Una lunga giornata di ricerche che non ha portato al risultato voluto. Nonostante l’impegno del personale del Centro studi cetacei e del Wwf che ha perlustrato l’area fino a sera, non è stato individuato il punto nel quale la tartaruga femmina di circa 30 chili della specie “Caretta Caretta”, avrebbe potuto deporre le uova nella primissima mattinata di ieri, prima  di essere vista aggirarsi tra gli ombrelloni dello stabilimento “Santa Fe” a Tortoreto.

Secondo gli esperti, infatti, il rettile marino si sarebbe avventurato sulla sabbia solo per cercare un nido per i suoi piccoli, ad una profondità di circa 35 centimetri, ma a causa della presenza delle persone in quel tratto di spiaggia, ogni traccia è andata perduta ed è difficile individuare il posto esatto scelto dalla tartaruga per mettere al riparo le uova.

Secondo Vincenzo Olivieri delle Centro cetacei di Pescara e Adriano De Ascentis membro del Wwf, con ogni probabilità intorno a settembre le tartarughine dovrebbero venire alla luce e, una volta sgusciate, torneranno in acqua. E proprio per questo gli esperti torneranno sul posto in quel periodo per verificare che ci sia stata l’eventuale schiusa ed aiutare i piccoli a raggiungere il mare.

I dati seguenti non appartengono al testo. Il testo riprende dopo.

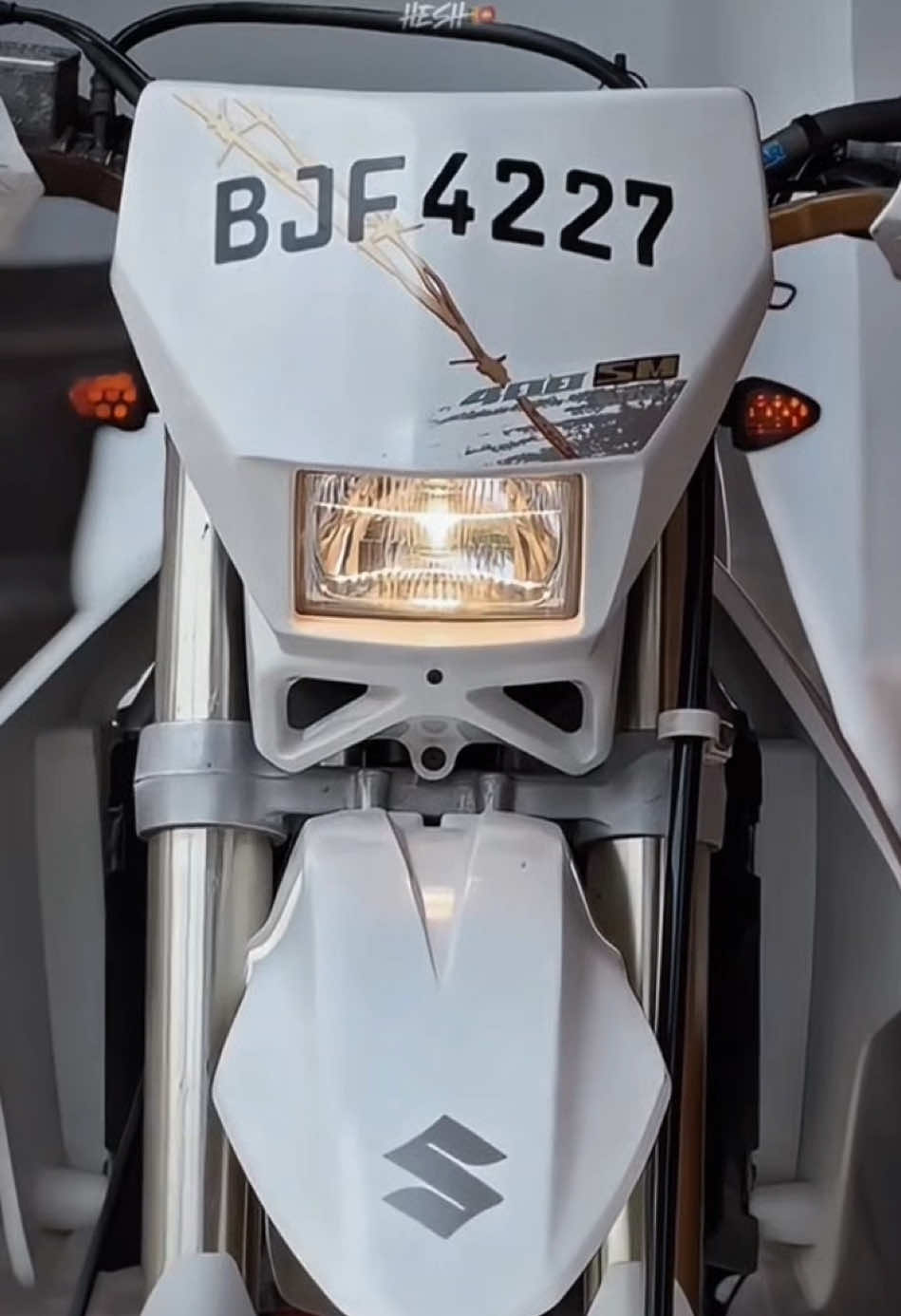 Zzz 🗿❗️ • • • #CapCut #drz400sm #everyonefollowers #trend #golabal #10millionadoptions #goviral #ReShZz 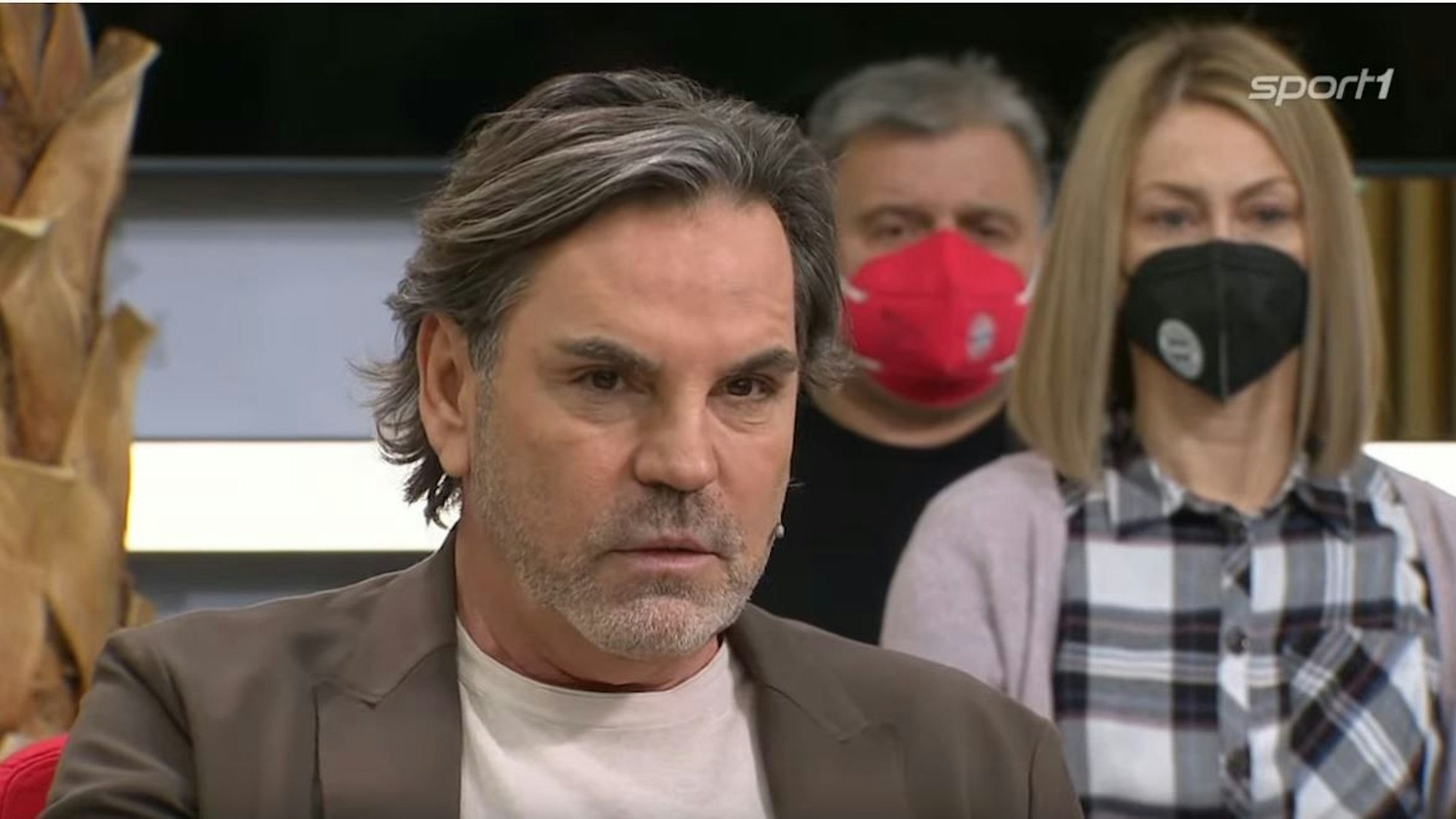 Volker Struth am Sonntag den 6. Februar 2022 im Februar im Sport1-Doppelpass. Screenshot aufgenommen vom Youtube-Livestream.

L’evento è stato seguito con grande attenzione anche dai proprietari dello stabilimento interessato che fin da subito hanno mostrato una grande attenzione per l’animale e collaborazione con le associazioni animaliste. Con ogni probabilità la tartaruga ha nidificato tra la quinta e la sesta fila e proprio in quel tratto i titolari dello chalet hanno assicurato una particolare prudenza nel non piazzare altri ombrelloni e nel vietare lo scavo di buche profonde.

La vicenda, che di certo ha un carattere di eccezionalità, non è però nuova per la costa teramana che, proprio un paio di anni fa, ha assistito ad una vicenda analoga sulla spiaggia di Roseto. Mentre passeggiava sull’arenile, infatti, una donna notò una piccola tartarughina appena nata. All’animale, preso subito in consegna dal Centro Cetacei, fu dato il nome di Giulia, proprio in onore della sua scopritrice, Giulia De Nigris, e venne liberata solo qualche giorno più tardi, dopo che gli esperti risciurono ad individuare il nido che venne sorvegliato sino alla schiusa completa delle uova.